Instructions to follow -
Everything in the listing must be repeated exactly, apart from the images.

Given material -
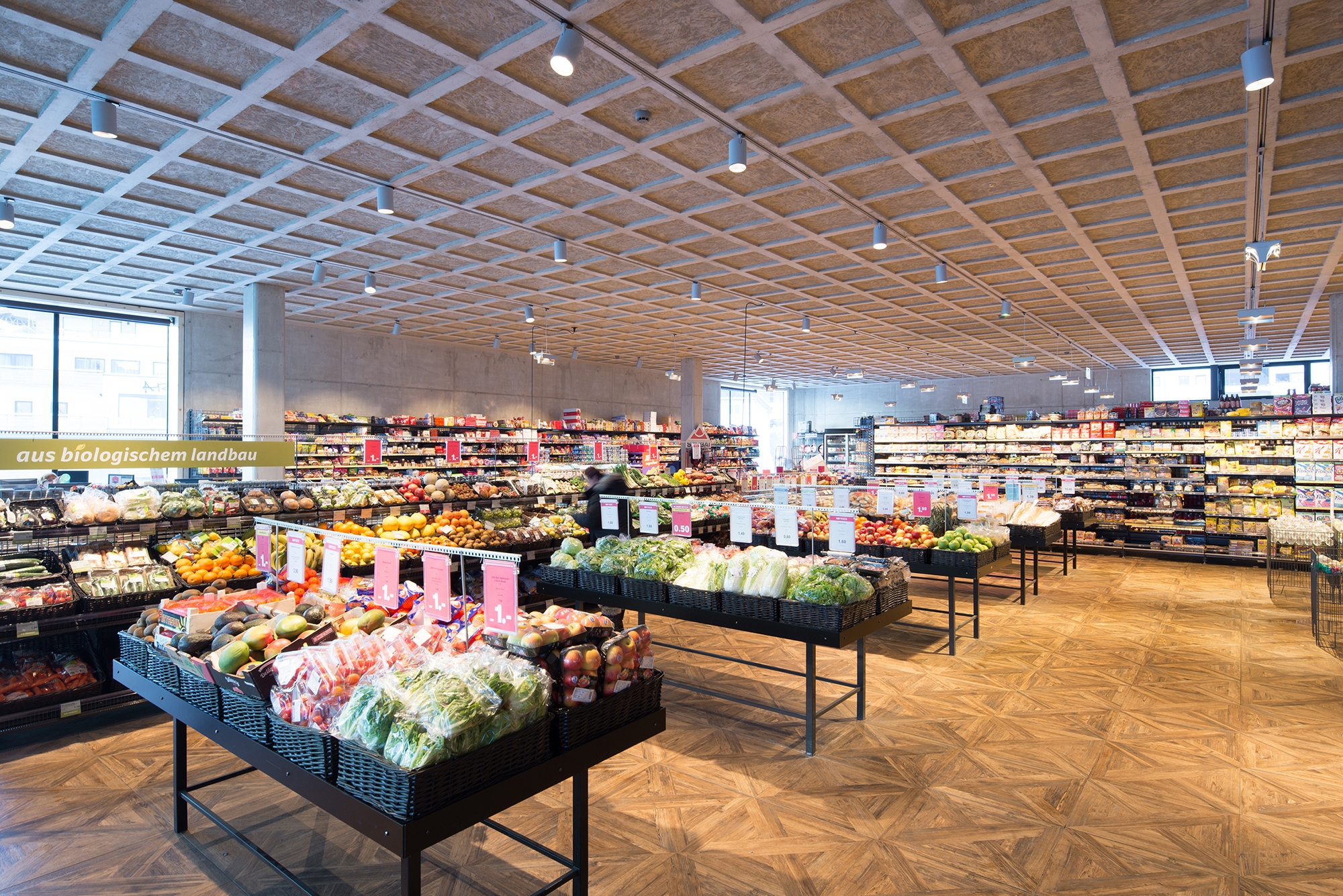 MPREIS SUPERMARKET – Descubra el proyecto de Refin | Architonic, image size:2000x1335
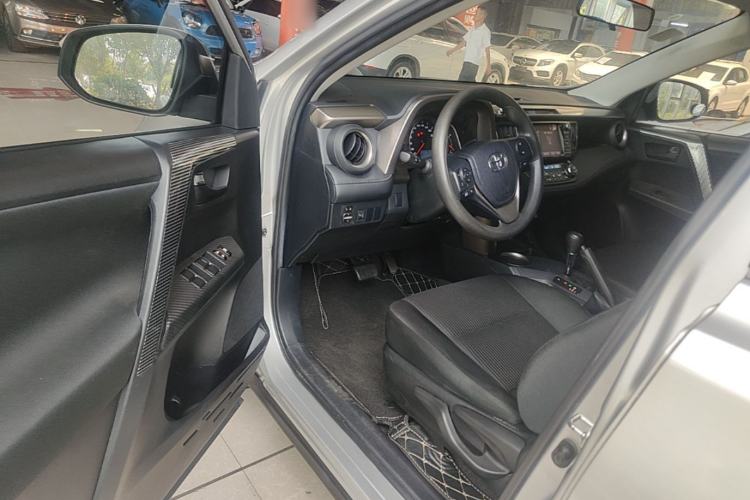 Used Toyota RAV4 2015 2.0L CVT Two-Wheel Drive Fashion Edition Driver Seat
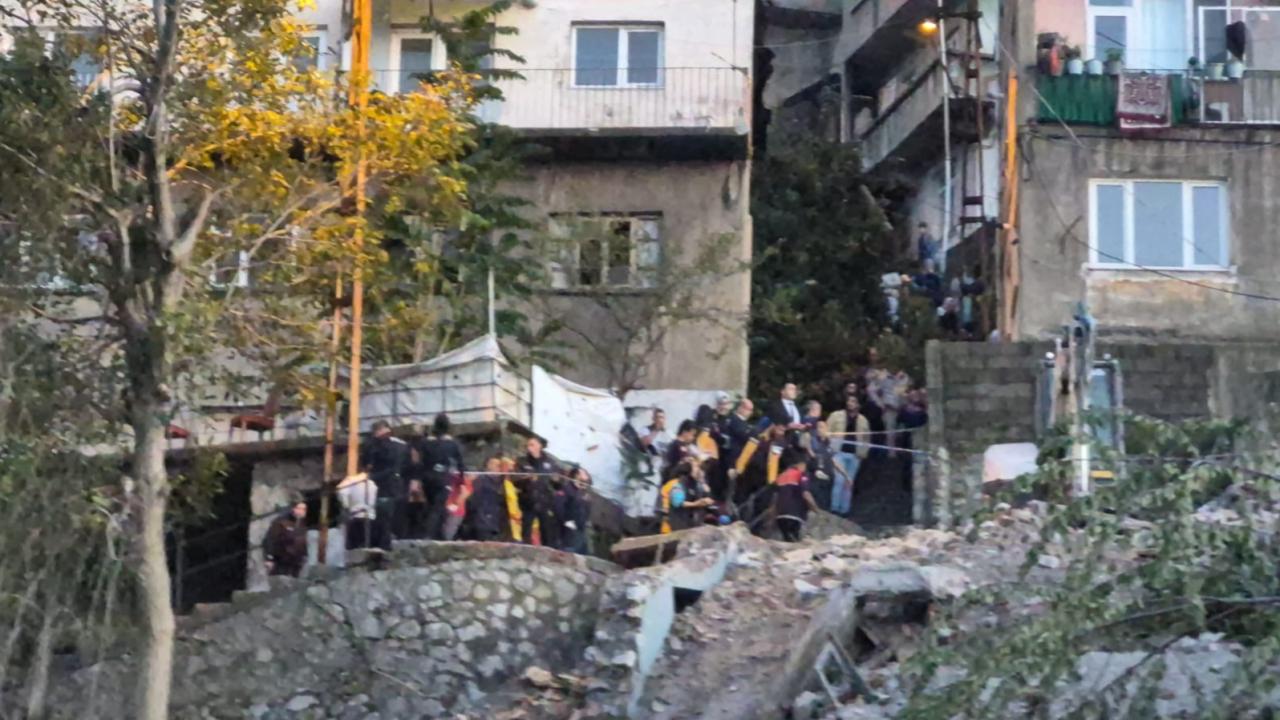 Zonguldak'ta bina çöktü: Enkazda kalan 2 kişiden 1i kurtarıldı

Solution for this task -
 MPREIS SUPERMARKET – Descubra el proyecto de Refin | Architonic, image size:2000x1335
 Used Toyota RAV4 2015 2.0L CVT Two-Wheel Drive Fashion Edition Driver Seat
 Zonguldak'ta bina çöktü: Enkazda kalan 2 kişiden 1i kurtarıldı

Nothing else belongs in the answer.